The slow progression of the R wave in precordial leads (clockwise rotation of the heart)
Hyper-inflated lungs with prominent PA (bilateral) suggestive of pulmonary hypertension associated with COPD
Intraluminal filling defects in bilateral pulmonary arteries.
Among all causes of respiratory deterioration, diagnosing pulmonary embolism in the presence of COPD is a clinical challenge. Dyspnea is the most frequent symptom of pulmonary embolism, whereas sinus tachycardia, albeit nonspecific, is the most common ECG finding.

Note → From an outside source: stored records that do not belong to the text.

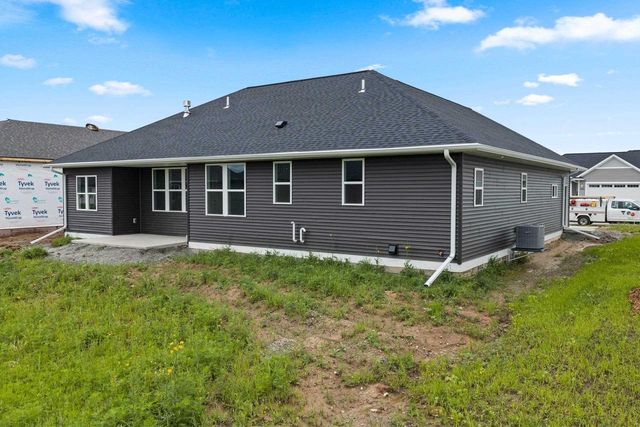 1430 DIVINITY DRIVE, De Pere, WI 54115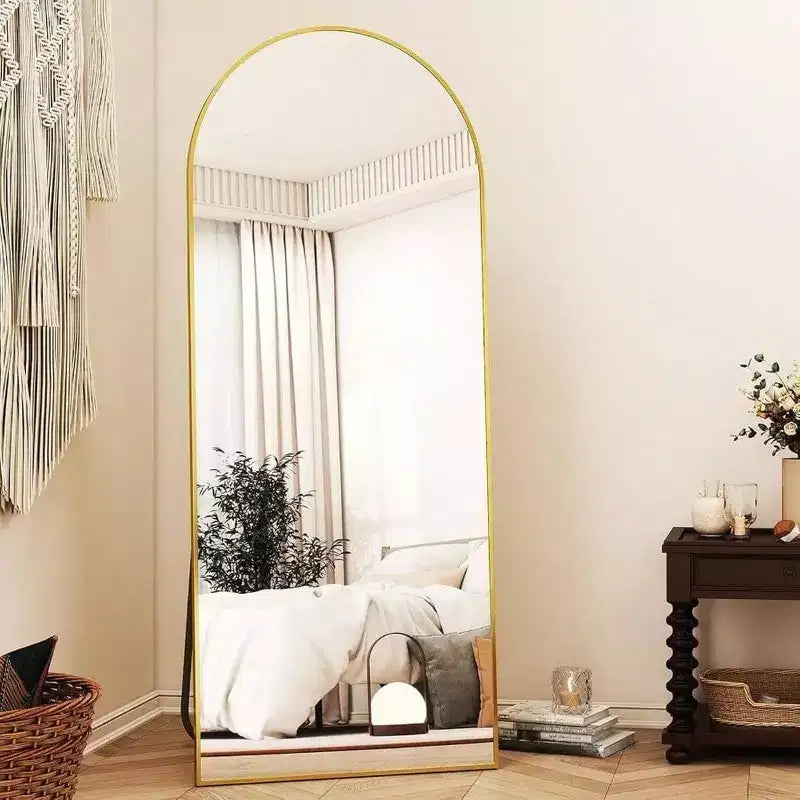 Miroir arqué pleine longueur de 56 pouces avec cadre en aluminium – Doré, à poser ou mural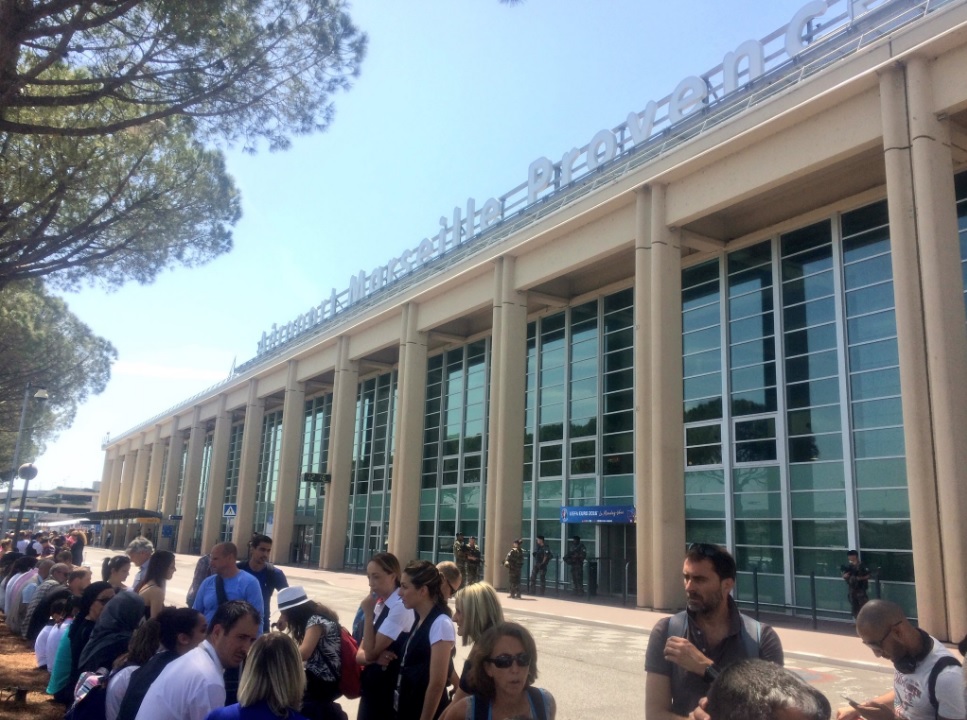 Aeroporto de Marselha evacuado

The relatively tall P (P pulmonale) in the presence of diffuse low QRS voltage,* right axis deviation, and poor progression of R waves in precordial leads (clockwise rotation)** suggest that COPD is complicated by chronic pulmonary hypertension (PH). Prominent PA (bilateral) on chest X-ray and elevated JVP on physical examination provide further evidence supporting PH. Additionally, the propensity to RBBB in V1, the S1Q3 pattern, and symmetrical T inversion in V1-V5 *** further indicate RV strain/ischemia and are consistent with RV heart failure or acute pulmonary embolism. Echocardiography confirms RV and RA enlargement with PH (RVSP 90-105 mm Hg) and TR. Generally, a PH reading of 50 mmHg or more indicates its chronic nature, such as in long-standing COPD with or without pulmonary embolism.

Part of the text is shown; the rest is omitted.